Bir Rutgers avukatı olan New Jersey’li Oswald (Ozzie) Nelson, en çok 1950’lerde ve 1960’ların ortalarında gerçek ailesiyle birlikte haftalık mizahi ABC draması The Adventures of Ozzie & Harriet’i yaratmasıyla tanınıyordu. Ozzie Nelson’ın karakteri, hazır bir gülümsemeye ve sakinleştirici, problem çözücü bir bilgeliğe sahip sıcak, sevgi dolu bir babaydı. (Bununla birlikte, ekran dışında Nelson, otokratik, kontrolcü, ailesine karşı sert ve mali kazanç odaklı olarak nitelendirildi.)
İş dünyası vizyoneri Kent Nelson’ın tavrı, televizyondaki adaşının imajına o kadar uyuyordu ki, “Oz” çocukluk takma adı oldu ve 85 yaşında vefat edene kadar onunla kaldı.
Oz Nelson’ı tanıyan hiç kimse, gerçek sakinleştirici gülümsemesi ve sorunları çözme hevesi olmadan onun bir görüntüsünü hatırlayamaz.
Asla ad hominem saldırılarına, kişisel parmakla işaretlemeye veya meslektaşları, rakipleri, düzenleyiciler veya komşularla savaş hatları çizmeye geri dönmedi.
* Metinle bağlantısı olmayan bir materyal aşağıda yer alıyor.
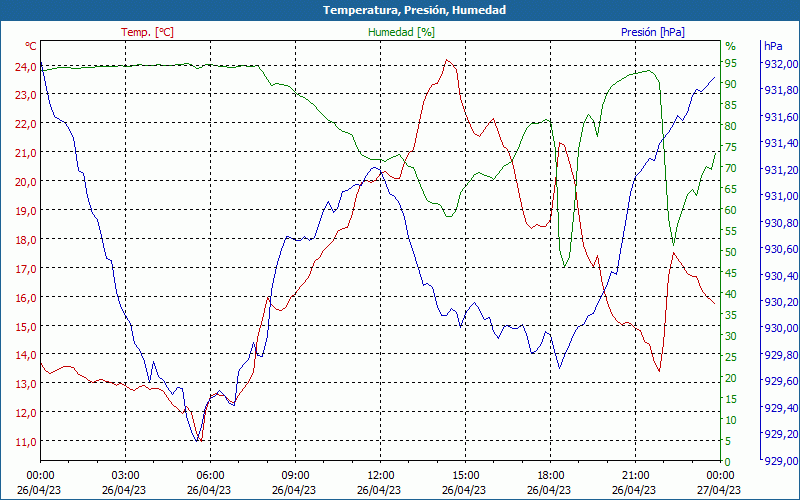 chart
Bu hafta Atlanta, Oz Nelson’a son kez saygıyla veda etti ve lojistik devi UPS’i CEO olarak teknolojik olarak yeniden icat etmesi ve şirketin Atlanta’ya taşınması bir yana, onun topluma karşı 30 yıllık cömert bağlılığını selamladı.
Jeffrey Sonnenfeld,”Oz Nelson’ı tanıyordum ve 36 yıldır onunla yakın temas halinde olduğum için şanslıydım” diyor.
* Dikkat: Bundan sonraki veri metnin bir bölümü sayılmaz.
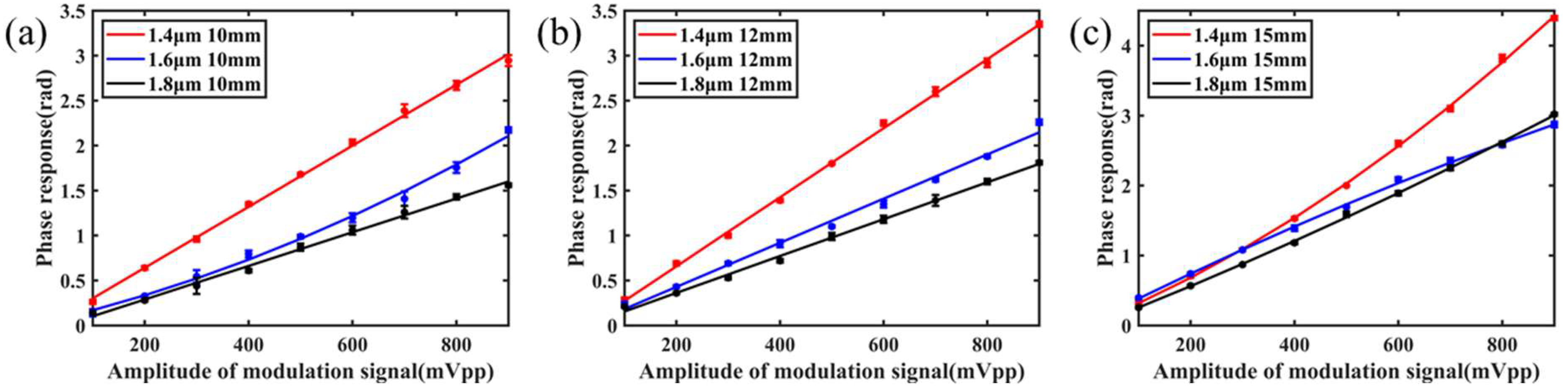 Nanomaterials 11 02215 g007 550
Gerçek hayattaki Oz Nelson, alçakgönüllülükle birlikte sıcaklık, yaratıcılık ve hırsın bir modeliydi ve hem ekranda hem de ekran dışında gerçekti.
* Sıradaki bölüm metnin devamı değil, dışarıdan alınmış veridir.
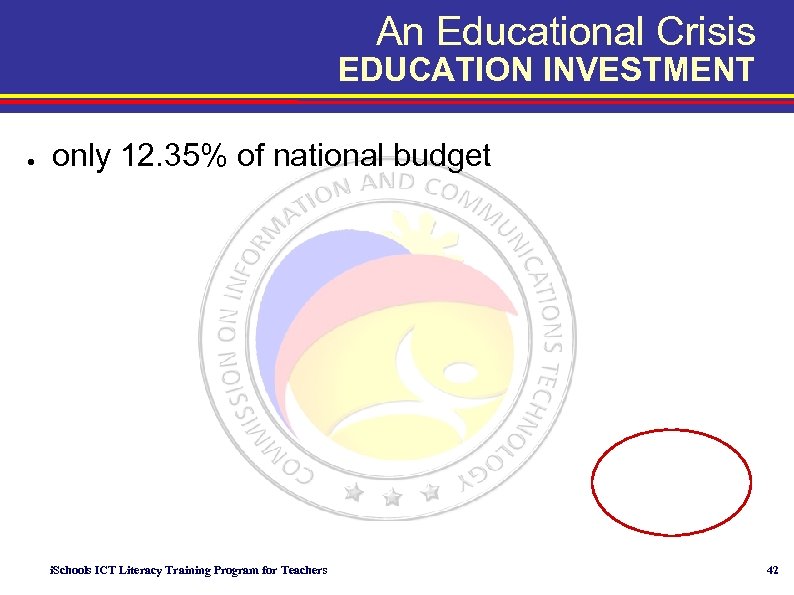 An Educational Crisis EDUCATION INVESTMENT ● only 12. 35% of national budget i. Schools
Bu samimiyet, paradoksal bir karakter özelliğini gizledi:
Oz Nelson, takım elbise giymiş bir endüstri öncüsü ve sosyal bir devrimciydi.
Yönetime giden yolu, yıllarca teslimat şoförü olarak çalıştığı zamanın UPS normlarını ihlal etti.
Gelişen ikincil satış ve hizmet rollerinde bir “katip” olan saatlik bir çalışan olarak başladı.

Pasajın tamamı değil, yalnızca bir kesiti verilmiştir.